⟨

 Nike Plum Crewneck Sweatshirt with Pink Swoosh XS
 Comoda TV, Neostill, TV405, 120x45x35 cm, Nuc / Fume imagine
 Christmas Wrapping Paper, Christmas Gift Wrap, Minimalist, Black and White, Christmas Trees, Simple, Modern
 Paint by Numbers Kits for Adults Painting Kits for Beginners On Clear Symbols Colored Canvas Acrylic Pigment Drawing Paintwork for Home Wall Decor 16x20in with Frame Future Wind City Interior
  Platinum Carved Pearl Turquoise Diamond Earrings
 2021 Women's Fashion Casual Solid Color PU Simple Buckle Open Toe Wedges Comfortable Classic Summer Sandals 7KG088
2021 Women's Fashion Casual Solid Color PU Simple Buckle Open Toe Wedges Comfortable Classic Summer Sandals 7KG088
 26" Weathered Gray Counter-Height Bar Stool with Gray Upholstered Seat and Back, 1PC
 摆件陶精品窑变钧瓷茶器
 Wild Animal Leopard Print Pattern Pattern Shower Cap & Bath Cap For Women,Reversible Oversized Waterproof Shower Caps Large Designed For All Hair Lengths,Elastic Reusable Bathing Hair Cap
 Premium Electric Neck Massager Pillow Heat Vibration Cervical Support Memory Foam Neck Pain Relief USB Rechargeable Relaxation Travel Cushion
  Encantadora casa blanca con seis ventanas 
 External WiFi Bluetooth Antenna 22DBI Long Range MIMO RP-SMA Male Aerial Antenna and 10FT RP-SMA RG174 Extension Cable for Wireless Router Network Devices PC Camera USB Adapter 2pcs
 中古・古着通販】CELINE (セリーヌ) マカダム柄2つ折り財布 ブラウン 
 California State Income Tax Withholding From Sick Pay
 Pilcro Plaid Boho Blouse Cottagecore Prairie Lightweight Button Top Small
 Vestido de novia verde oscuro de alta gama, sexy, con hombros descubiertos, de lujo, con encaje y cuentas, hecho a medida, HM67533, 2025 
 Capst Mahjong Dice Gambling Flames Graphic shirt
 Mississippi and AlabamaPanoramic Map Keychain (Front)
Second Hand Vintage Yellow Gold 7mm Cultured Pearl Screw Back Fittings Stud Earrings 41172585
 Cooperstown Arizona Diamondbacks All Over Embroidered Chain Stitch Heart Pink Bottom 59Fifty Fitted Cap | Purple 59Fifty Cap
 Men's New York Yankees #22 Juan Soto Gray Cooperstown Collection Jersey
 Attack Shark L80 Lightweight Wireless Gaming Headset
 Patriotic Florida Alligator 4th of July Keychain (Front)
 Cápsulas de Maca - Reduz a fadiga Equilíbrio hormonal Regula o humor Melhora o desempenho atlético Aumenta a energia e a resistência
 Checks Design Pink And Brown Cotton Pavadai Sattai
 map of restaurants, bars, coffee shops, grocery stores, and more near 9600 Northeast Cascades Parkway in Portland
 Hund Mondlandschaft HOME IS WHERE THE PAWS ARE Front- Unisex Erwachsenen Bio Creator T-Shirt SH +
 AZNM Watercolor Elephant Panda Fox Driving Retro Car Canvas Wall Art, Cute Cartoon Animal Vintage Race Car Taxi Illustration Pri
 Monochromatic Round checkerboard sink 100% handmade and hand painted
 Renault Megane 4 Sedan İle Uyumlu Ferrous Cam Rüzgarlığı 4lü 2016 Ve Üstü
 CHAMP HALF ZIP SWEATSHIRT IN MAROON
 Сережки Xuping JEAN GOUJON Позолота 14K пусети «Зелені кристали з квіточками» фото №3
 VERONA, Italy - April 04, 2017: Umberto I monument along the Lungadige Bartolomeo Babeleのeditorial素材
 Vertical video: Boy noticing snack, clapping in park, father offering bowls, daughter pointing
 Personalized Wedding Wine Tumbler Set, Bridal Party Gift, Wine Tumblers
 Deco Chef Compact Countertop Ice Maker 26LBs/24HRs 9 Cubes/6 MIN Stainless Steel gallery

⟩

What you will do ▸
Each line from the top of the material above, through the one that contains "Paint by Numbers", should be restated word for word.

Exercise answer ▸
 Nike Plum Crewneck Sweatshirt with Pink Swoosh XS
 Comoda TV, Neostill, TV405, 120x45x35 cm, Nuc / Fume imagine
 Christmas Wrapping Paper, Christmas Gift Wrap, Minimalist, Black and White, Christmas Trees, Simple, Modern
 Paint by Numbers Kits for Adults Painting Kits for Beginners On Clear Symbols Colored Canvas Acrylic Pigment Drawing Paintwork for Home Wall Decor 16x20in with Frame Future Wind City Interior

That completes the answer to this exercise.